LAS PIEDRAS MÁS ANTIGUAS DE VALLADOLID

Vamos a intentar adentrarnos en el mundo del Valladolid más antiguo. Incluso de cuando estos lares ribereños del Pisuerga y de las Esguevas no tenían nombre que haya llegado hasta nosotros.

Nos referimos, claro está, al término municipal de Valladolid.

Según indican los historiadores, Valladolid aparece citado por vez primera en un documento fechado en el año 1085.

Parece que se trataba de una aldea o una finca agrícola (que era una manera de denominar a muchos asentamientos que se iban produciendo a medida que los reinos hispanos del noroeste ganaban terreno en la cuenca del Duero). Hablamos, por tanto, de la época en que hace su aparición por esta aldea a las orillas del Pisoriza el comes Petro Asúriz y su esposa Ailoni comedissa,   ues se acepta la fecha (más o menos) de 1072 como  la de la entrega que le hace Adefonsus (Alfonso VI)  de estas tierras.

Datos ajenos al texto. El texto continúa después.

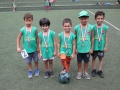 Football-Div-E-2e-place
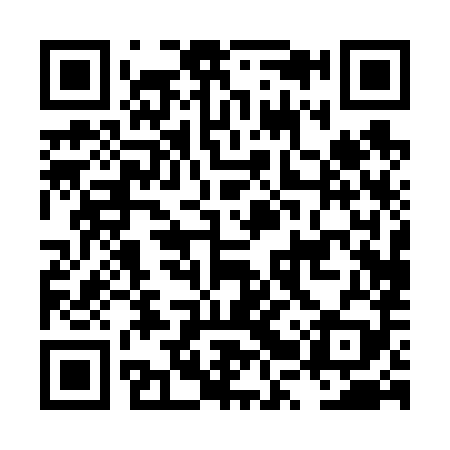 QR code for LRP689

Ya de entrada ni siquiera está muy claro si Valladolid estaba amurallada (acaso una rudimentaria empalizada) o no, o si disponía de algún alcázar. Parece que sí existía la iglesia de San Pelayo (San Miguel después) en lo que ahora es la céntrica plaza de San Miguel. Sí sabemos que en 1095, dos décadas después de que Ansúrez llegara a estas tierras,  se consagra Sancte Marie Vallisolite (más tarde conocida como la Mayor): la obra por antonomasia del Conde y su esposa. Cantado el Te Deum, que con toda seguridad se entonaría el día que se consagró la Colegiata, vamos a iniciar el camino (incierto y atrevido) que nos lleve a dar constancia de las piedras más antiguas de Valladolid.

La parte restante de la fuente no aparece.